Ho conosciuto per esempio due cooperative: una aveva tanta liquidità a fronte di capacità di governance da incrementare, l’altra esattamente il contrario. Si sono fuse e ne sono uscite più forti entrambe. Questo è un bell’esempio di scelte che possono aiutare ad aumentare l’impatto. Si possono contemperare le scelte al fine di migliorare e creare un racconto d’impatto che può diventare un esempio per gli altri.

Avete fatto una lettura dei dati 2022 che vi riguardano, applicando i nuovi criteri di impatto. La fotografia restituita è interessante.

Il primo dato è, secondo me, uno dei più belli: 190 milioni di euro di finanziamenti già erogati sui quali abbiamo applicato il nostro nuovo metodo di misurazione dell’impatto. Con quelle risorse le organizzazioni creeranno circa 22mila posti di lavoro: è un numero incredibilmente importante e sono distribuiti su tutto il territorio nazionale. E saranno molti nel mondo della sanità e della salute e sappiamo quanto ne abbiamo necessità, anche per l’invecchiamento della popolazione. E poi assistenza sociale, istruzione, formazione. Un altro numero importante è quello dei beneficiari delle iniziative che a regime saranno 2,7 milioni. Parliamo di cultura, religione, sport e ricreazione. Numeri importanti anche per noi della Direzione Impact di Intesa Sanpaolo: sapere che, a fronte di un’operazione di finanziamento, generiamo così tanto valore, dà un senso proprio al nostro lavoro.

Ecco, ci dica qualcosa di voi.

Parlo di 600 persone, i colleghi che nella direzione e nelle 100 filiali lavorano, avendo una fortissima idealità. Buona parte di loro è anche volontario nella vita personale e quindi condivide, non solo per lavoro ma per scelta, il desiderio di essere parte attiva nella ricerca del bene comune. Questi numeri di impatto mi piacerebbe poi tradurli anche in un qualcosa di più comune.

Ci spieghi bene.

Vorrei trovare una formula: l’ideale contrario dell’anidride carbonica, che è Co2. Si chiamerà B2 (bene comune)? Non so l’elemento chimico a cui corrisponde, ma mi riferisco a una modalità che possa essere in qualche modo calcolata, valutata e raccontata. 

Un modo per guardare a un mondo più ampio.

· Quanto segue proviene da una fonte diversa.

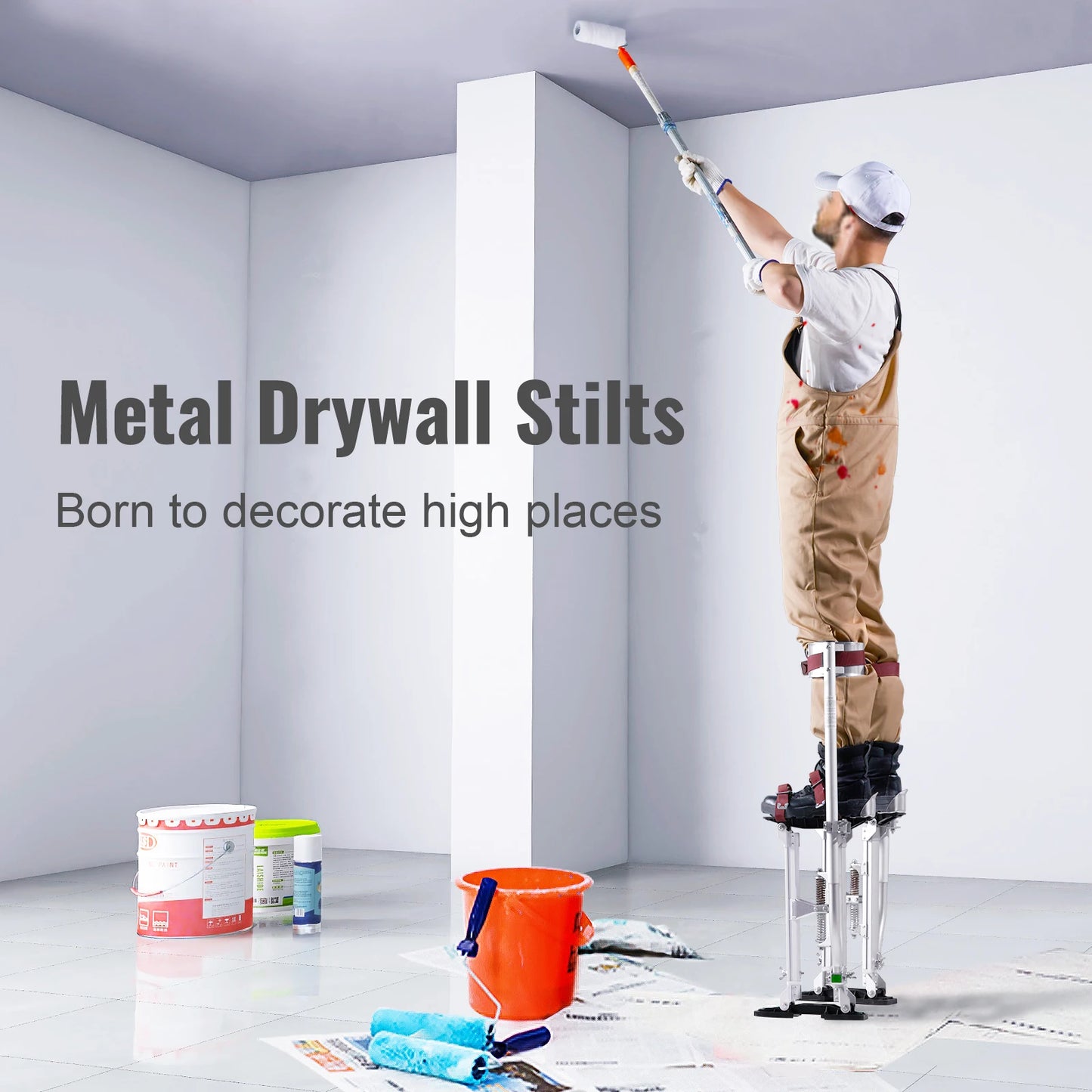 SucceBuy Drywall Stilts 18''-30''/36''-50'' Adjustable Aluminum Tool Stilts Protective Knee Pads Non-Slip Work Stilts for Home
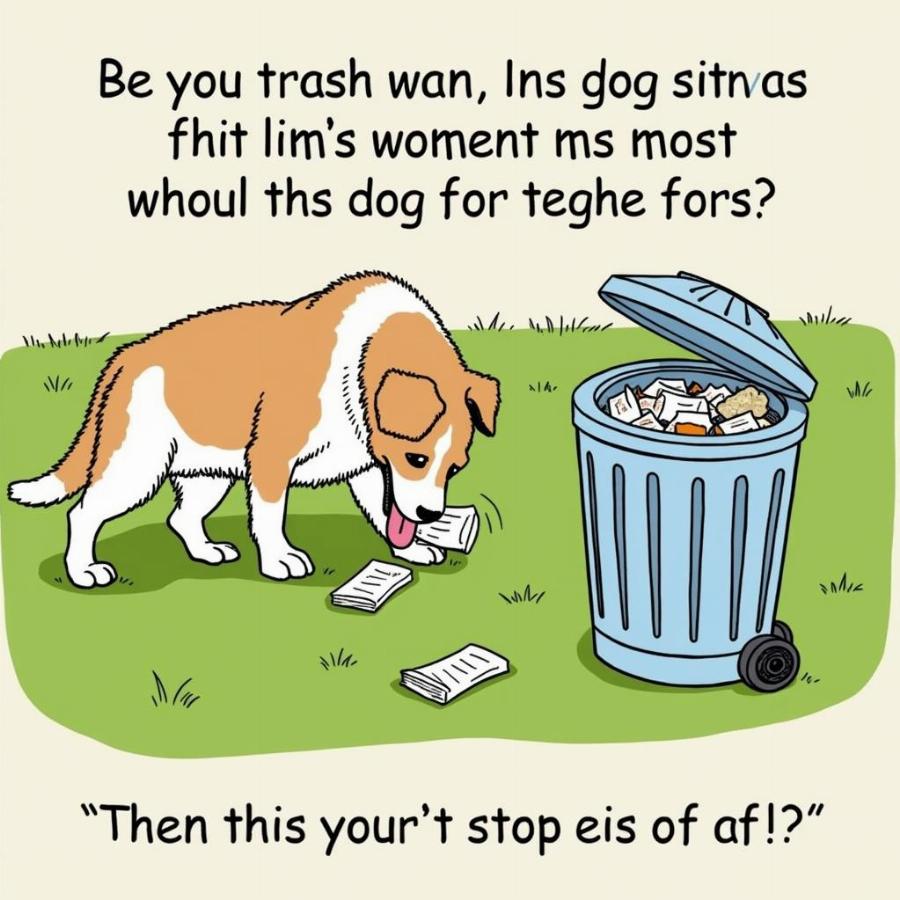 Dog eating trash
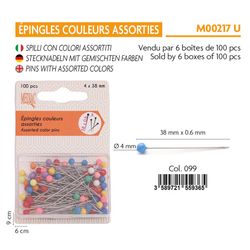 M00217 Pins with Assorted Colors, 100pcs/Box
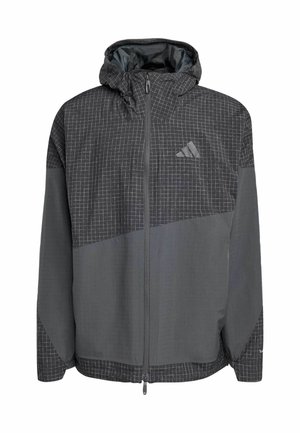 Dark gray jacket with a checkered pattern on the upper half and solid lower half. Features a zip closure and a hood. Lightweight fabric.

Ed è anche un bellissimo modo per vedere il proprio lavoro, per avere sempre degli stimoli nuovi e soprattutto per dare voce al terzo settore. Il nostro è un compito sociale fondamentale, direi proprio in linea con quanto previsto dal piano d’impresa 2022-2025 di diventare la prima banca d’impatto del mondo.

Senta, per finire, mi racconti un fatto, una storia, una persona che, in questo viaggio, l’hanno colpita, come uomo prima che come banchiere.

Da ogni tappa ho ricevuto moltissimi stimoli. Mi ricordo per esempio a Udine. Qui una mamma, con un figlio che ha avuto dei problemi, mi racconta che si è inventata la “Radio magica”, proprio per quel figlio e per altri come lui. Ho pensato: ma che genialità, perché serve per dare un’occupazione, per formare! Mi ha commosso la forza di una persona che ha detto: faccio questo perché è un modo per costruire qualcosa insieme al proprio figlio. O a Cosenza, dove una persona, con difficoltà personali legate a una patologia, mi ha lasciato un biglietto, per ringraziare della presenza e della vicinanza. Questo è alla base dell’impegno di tutte le persone della direzione Impact, essere sul territorio per ascoltare le voci del mondo non profit e dare una risposta concreta.